The injunction question before the high court may seem obscure, but it's actually one of several major points of contention in a larger debate about state of the U.S. patent system. Reform proposals underway in Congress have stalled amid fractures primarily along high-tech and pharmaceutical or biotechnology industry lines, which have surfaced again in this case.

Origins of MercExchange v. eBay
The inventions at the heart of the case date back to nearly five months before eBay's launch on Labor Day 1995, when MercExchange founder Tom Woolston filed his first application for a patent describing an "electronic market" for buying and selling goods. That application was initially rejected, according to eBay's brief, though the Patent Office went on to accept it in 1998. According to MercExchange's brief, Woolston, an electrical engineer and patent attorney, drew up a business plan, hired programmers and planned to commercialize his patents.

EBay took notice of Woolston's patents, even approaching MercExchange in 2000 with interest in snapping up its portfolio.

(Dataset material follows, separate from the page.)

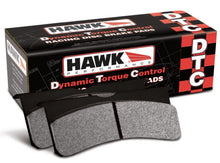 Cargar imagen en el visor de la galería, Hawk 12-20 Challenger/Charger 06-10 Grand Cherokee SRT8 DTC-60 Motorsports Front Brake Pads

But negotiations between the two sides crumbled, as did MercExchange's attempts to raise capital to support its ventures. In September 2001, the firm filed suit against eBay, accusing it of using its patents in its "Buy It Now" feature, which allows shoppers to circumvent the auction process and purchase items at a fixed price.

A jury found eBay guilty of infringing on two of Woolston's patents in 2003, and the court ordered eBay to pay about $25 million in damages--but decided against issuing a permanent injunction. It cited several factors for justification, including MercExchange's "willingness to license" and nonpractice of its patents and what it termed a "growing concern" from the public over key aspects of the current patent system.

The U.S. Appeals Court for the Federal Circuit found flaws in the lower court's reasoning. It held that a permanent injunction must follow all infringement findings unless cutting off the patent in question would "frustrate an important public need," such as protecting public health. That injunction, however, remained on hold pending eBay's Supreme Court appeal.